La stratégie de Caussidière, républicain social face à un gouvernement modéré, apparaît clairement dès ce premier acte : il s'agit d'une part de rassurer le gouvernement provisoire et les propriétaires en se montrant disposé à occuper un poste de police. Du retour de l'ordre à Paris dépendent l'image et l'avenir du nouveau gouvernement. Les circonstances appellent un certain nombre de décisions exceptionnelles pour le bon fonctionnement de la cité : les boulangers sont ainsi mobilisés, et une aide d'urgence est mise en place. D'autre part, ce premier acte envoie clairement un signal au peuple et réaffirme l'engagement militant de Sobrier et de Caussidière. Selon les mots que lui prête de la Hodde, Caussidière désirait « faire de la préfecture la place forte de la révolution »8. Son premier soucis fut de s'assurer du soutien populaire, pour renforcer son poids face au gouvernement et se rendre indispensable.

Derrière cet acte d'urgence traitant de la sécurité des Parisiens et des conséquences des émeutes sur la ville et ses habitants se dissimulent donc des enjeux très politiques.

1 Furet, 640.

2 Tulard, 136. Caussidière serait officiellement nommé préfet de police, et non plus délégué provisoire, le 17 mars.

3 Garnier-Pagès, 25.

4 Archives de la Préfecture de Police de Paris, AA427.
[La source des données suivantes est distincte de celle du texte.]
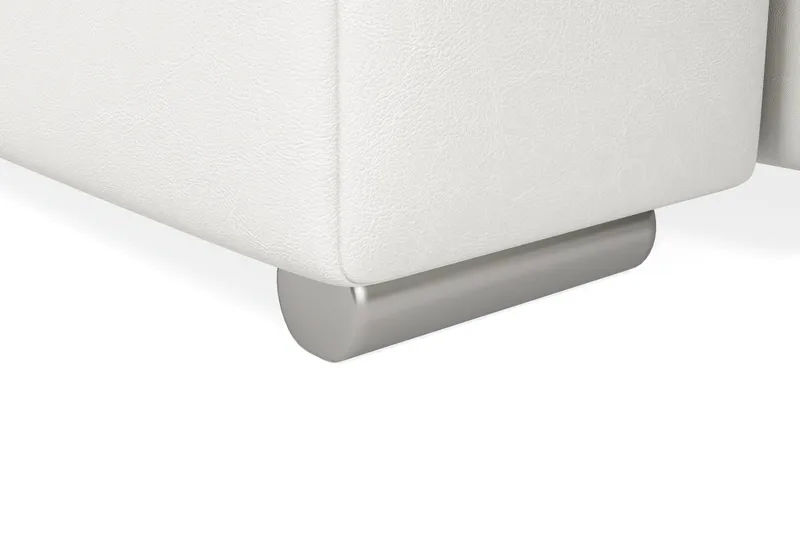 Dynir Hjørnesovesofa Divan med Oppbevaring Venstre - Lysegrå/Hvit - Møbler - Sofaer - Skinnsofaer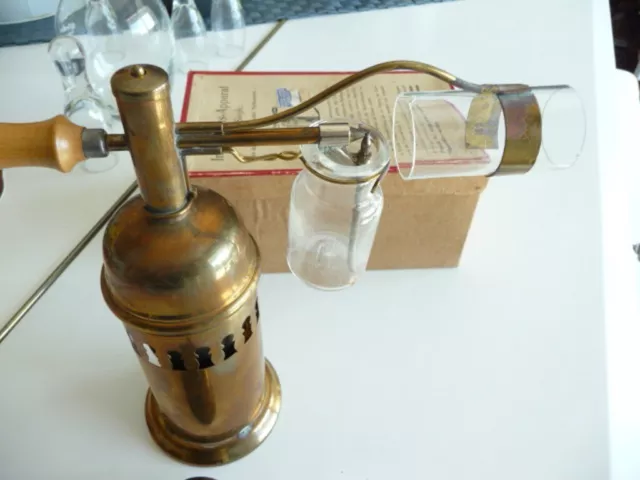 Museales antikes Inhaliergerät, Inhalier-Apparat nach Siegle,ca.1875-1890,selten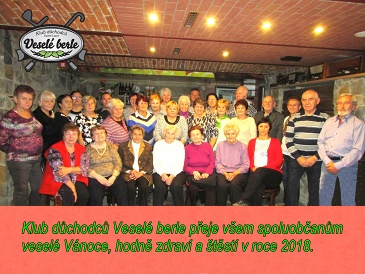 Klub důchodců přeje občanům veselé Vánoce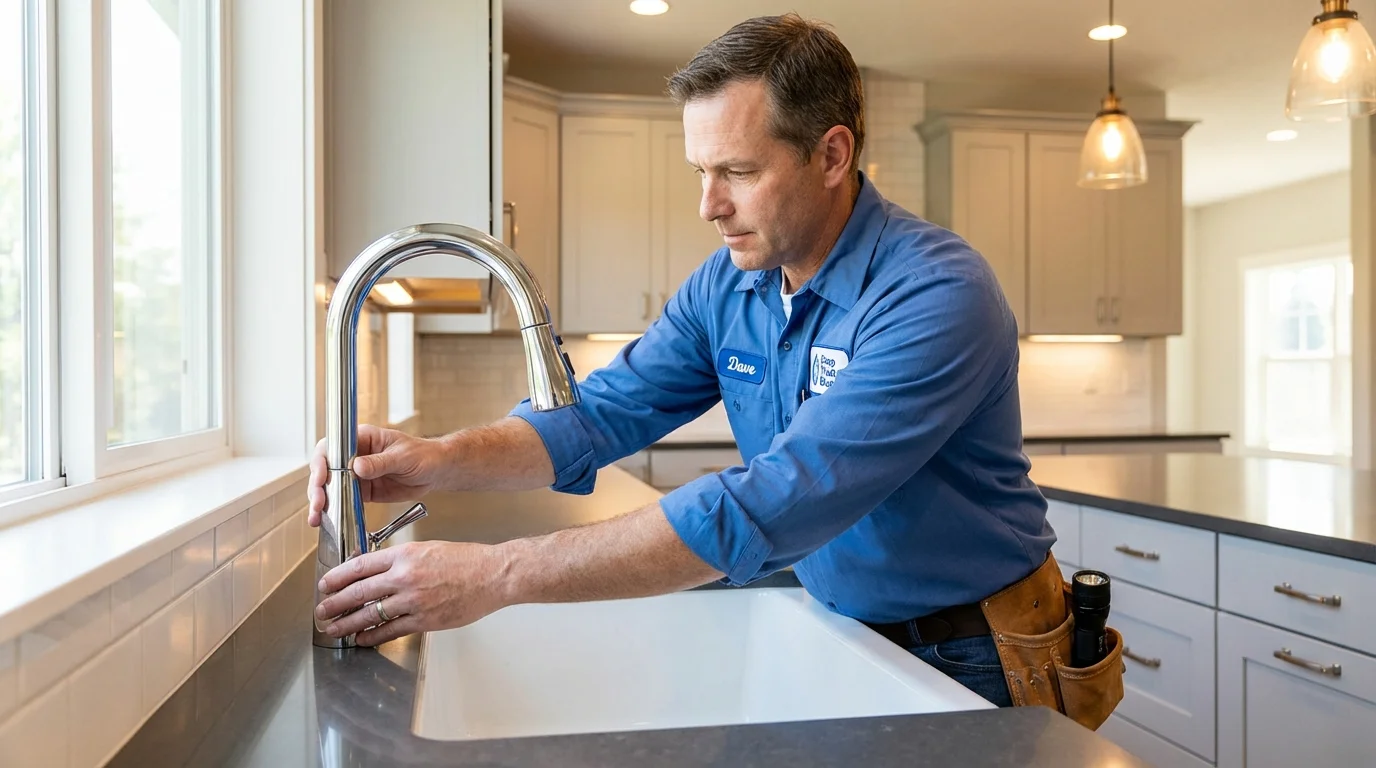 Kitchen faucet installation by Johns Plumbing LLC in Durango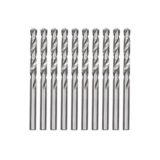 Jogo Brocas Aço Rápido 10 Unidades 9/64 Pol 3mm Para Metal Plástico E Madeira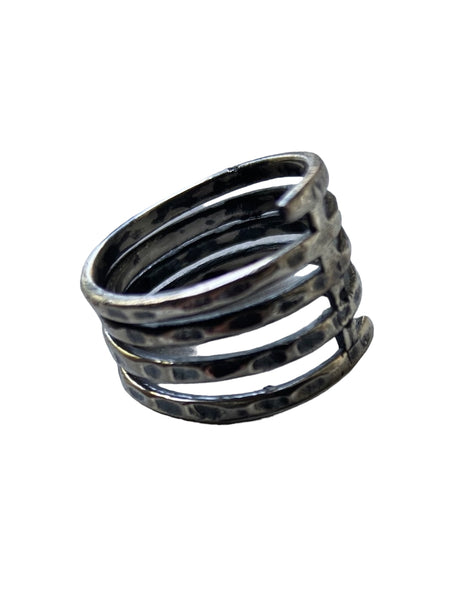 925 silver spiral ring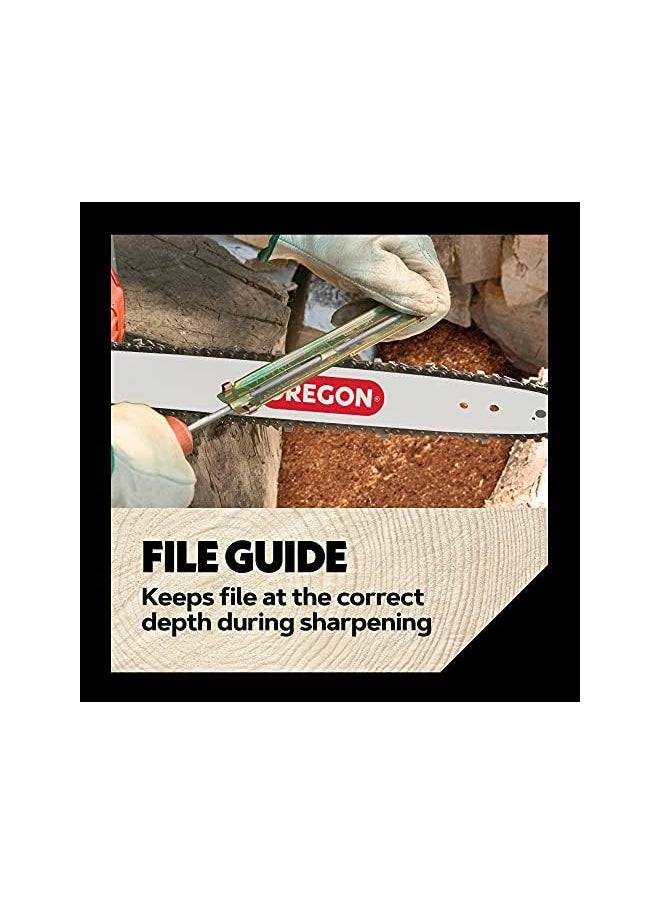 Oregon - Universal Chainsaw Field Sharpening Kit Includes 5/32 Inch 3/16 Inch And 7/32 Inch Round Files 6 Inch Flat File Handle Filing Guide And Travel Pouch 617067 - Image 1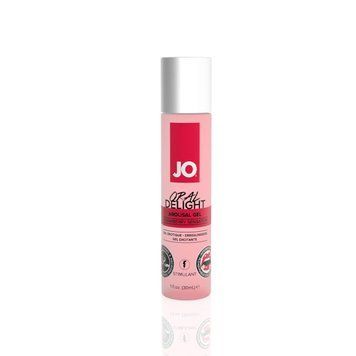 Гель для оральних пестощів System JO Oral Delight &mdash; Strawberry Sensation (30 мл), ефект холод-тепло SO1496 фото - купити в секс-шопі Чорний Кролик
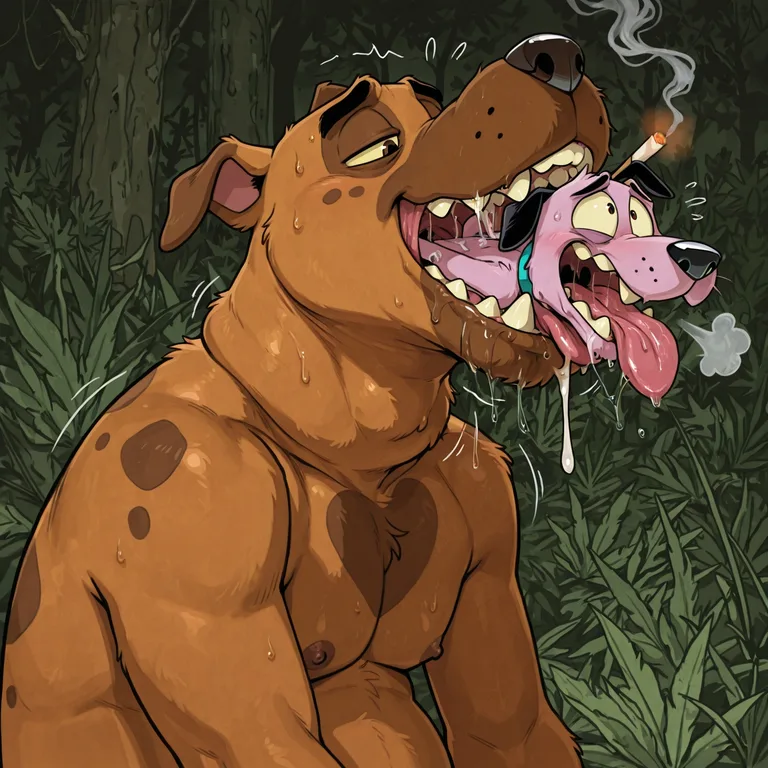 Courage the Cowardly Dog Anthro Stoner Male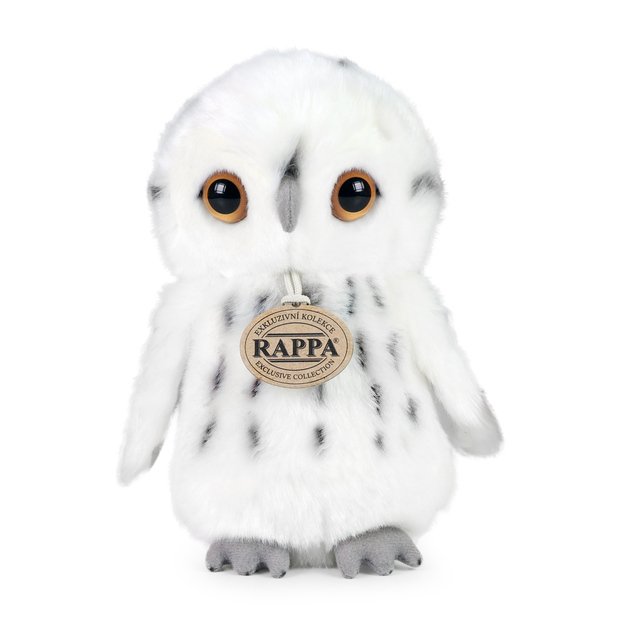 Plush snowy owl 18 cm ECO-FRIENDLY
5 La proclamation du 27 janvier confirmera cette peur : « Des bruits alarmantes (…) annonçant le projet formé d'attaques contre les propriétés et de dévastations, éveillaient la crainte de ceux qui se croient menacés ».

6 Garnier-Pagès, III, 26.

7 Agulhon, 43.

8 Hodde, 106.

Bibliographie

  • François Furet, "La Révolution, de Turgot à Jules Ferry," in La Révolution française (Paris: Gallimard, 2007), 1054.
  • Jean Tulard, La police parisienne entre deux révolutions (Paris: CNRS, 2014), 192.
  • Louis-Antoine Garnier-Pagès, Histoire de la Révolution de 1848 (Paris: Degorce-Cadot, 1870), 400.
  • Maurice Agulhon, 1848 ou l'apprentissage de la République (Paris: Seuil, 1992), 279.
  • Lucien de la Hodde, La naissance de la République en février 1848 (Paris: chez l'auteur, 1850), 109.